I had 'uninstalled' the converter box and had gone back to analog broadcast OTA when I had to return my converter box (took about 3 weeks turnaround time). So I had to go back and redo 'Guided Setup'. (Previously I had searched around in my area and found an ATT-Uverse lineup that matched the regular OTA channels to get my guide data while using the converter box)

So I went into 'Guided Setup' and selected 'Cable' as my only input option, then it did a data download from TiVo. After that, I got a list something like this: 1)Comcast Cable 2)Over the Air Antenna 3)ATT-Uverse. Ok, so I selected Uverse again since that is what I used before, but go figure they changed their line up and it did not match up about 3 of my local stations, one of which I really wanted. I was like "Great".

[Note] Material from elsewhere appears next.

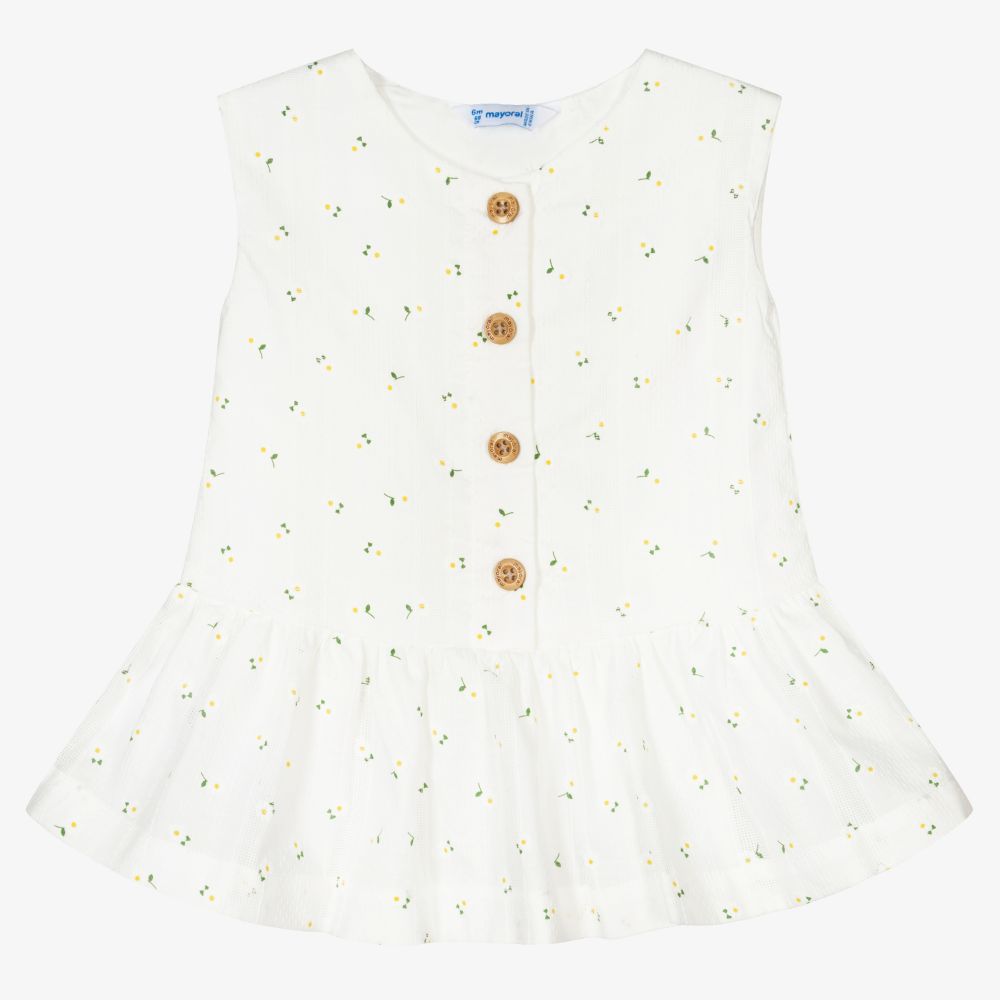 Mayoral Ivory Cotton Daisy Dress Set Childrensalon Outlet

So I go back to the original list thinking I might either try the 'Comcast Cable' or have to go back to my computer and decifer a new source for my guide data. That's when I actually noticed option #2. Over the Air Antenna. Huh? I already selected Cable as my only input! Let's try it! So I selected that option, can't remember if there was another data download or not. Then it asks me like it normally would have whether I am using a 'No Cable Box' or 'Cable Box', I select 'Cable Box' of course, then select Hughes for the manufacturer because their code works with the Apex DT250, and picked the only code they had... in 'fast input'. And away I go!!

So now that I've explained all of this, was I totally missing something before? Or perhaps because some of those cable companies have put out a 'basic cable box' that only receives the normal Digital OTA, that TiVo supported it?

I can almost guarantee I'm missing something here, but I sure hope I'm not. Since I selected Cable as my input, I shouldn't lose my guide data when the digital transition actually occurs (or completes) in June?

So to sum up all of this, I am tuning digital OTA reception using a converter box and telling my TiVo Phillips S1 that I'm using Cable as my only provider, but using Over the Air Antenna only with a cable box control. Huh?

Ok, so let me have it. I'm really stupid and this isn't going to work come June or what!? Surely it isn't that easy for us S1 folks, is it!? I just ask that you be gentle with me, I am only human after all.


----------



## kb7oeb (Jan 18, 2005)

If its working now it will work post transition, the most you should need to do is perform a rescan on the converter.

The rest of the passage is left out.